Got my knickers in a right old twist yesterday when Amy was brought home from school early; a precautionary measure 'just in case' the snow fell and it became treacherous. It didn't fall, yet Amy was still brought home early. She missed another half day of school. I moaned, complained to school and said it was pathetic, ridiculous, simply not on.
Over night, the snow has fallen and we are now covered in the horrid white stuff. Yet Amy has been collected and taken to school in far worse road conditions than yesterday afternoon's. I don't get it.
Part of the reason I got my knickers in a twist was because I have a ton of work to do on the book, could really have done with a trip to the supermarket (I've got no cat food) and had a million phone calls to make, mainly regarding the cottages. So I worked on the book though couldn't do as much as I'd have liked, decided to leave the less important phone calls, and still haven't got any cat food. (Don't worry, there is a bit left and I shall be popping to the store today to stock up.) The other part of the reason why I got my knickers in a twist was because Amy has only done one and a half days at school since going back last week. She desperately needs to get into a routine; the school routine of structure, discipline and learning. We know schools close and the country grinds to a halt when it snows because a) the UK are simply never prepared, b) health and safety regulations have got to a point where we're frightened of speaking to one another, and c) it's all too easy to sue individuals and organisations these days - a slip on the driveway means a cheque for six grand and six months off school. Oh yes, we, the general public, know which buttons to press.

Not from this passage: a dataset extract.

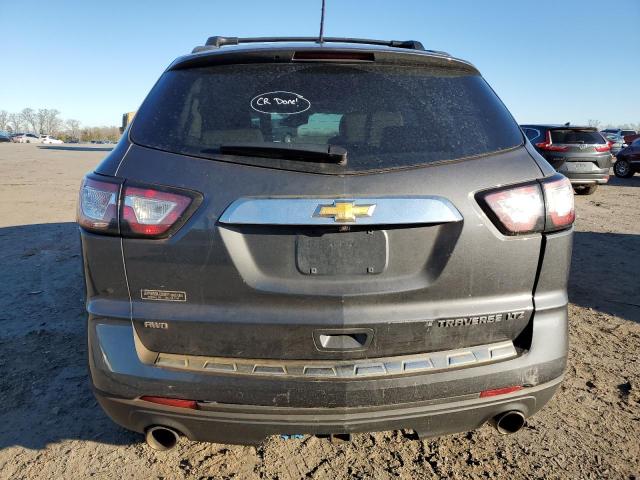 Photo 6 from auction – 2014 CHEVROLET TRAVERSE L with VIN 1GNKVJKD6EJ167102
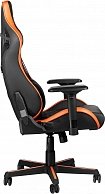 Кресло геймерское Evolution Avatar M Черный, Оранжевый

Let's not get carried away though, schools aren't child minding services and don't need to open their doors if they are genuinely concerned for the welfare of your child. Therefore, it is the parents' responsibility to either look after their child or find someone else to. But so many parents work from home nowadays. 'Work' is the operative word here. That means they have a job to do. They 'work'. Perhaps I'm in that fortunate position of being a 'work at home mum', but what would happen if I went out to work? When schools close and transport won't trans-port, are parents who go out to work expected to take a day off, or leave early? I have no family up here apart from my sister who is a school teacher and really, I don't have anyone I could call upon to look after Amy. Therefore, when school decide to close or the transport service decides the light dusting of snow might become a little less light, I have to down tools and say 'bugger work.' It's a damn good job I work to my own deadline because I'm really not sure how people stay employed when it's all too easy to finish early or have a day off because of a 'just in case'.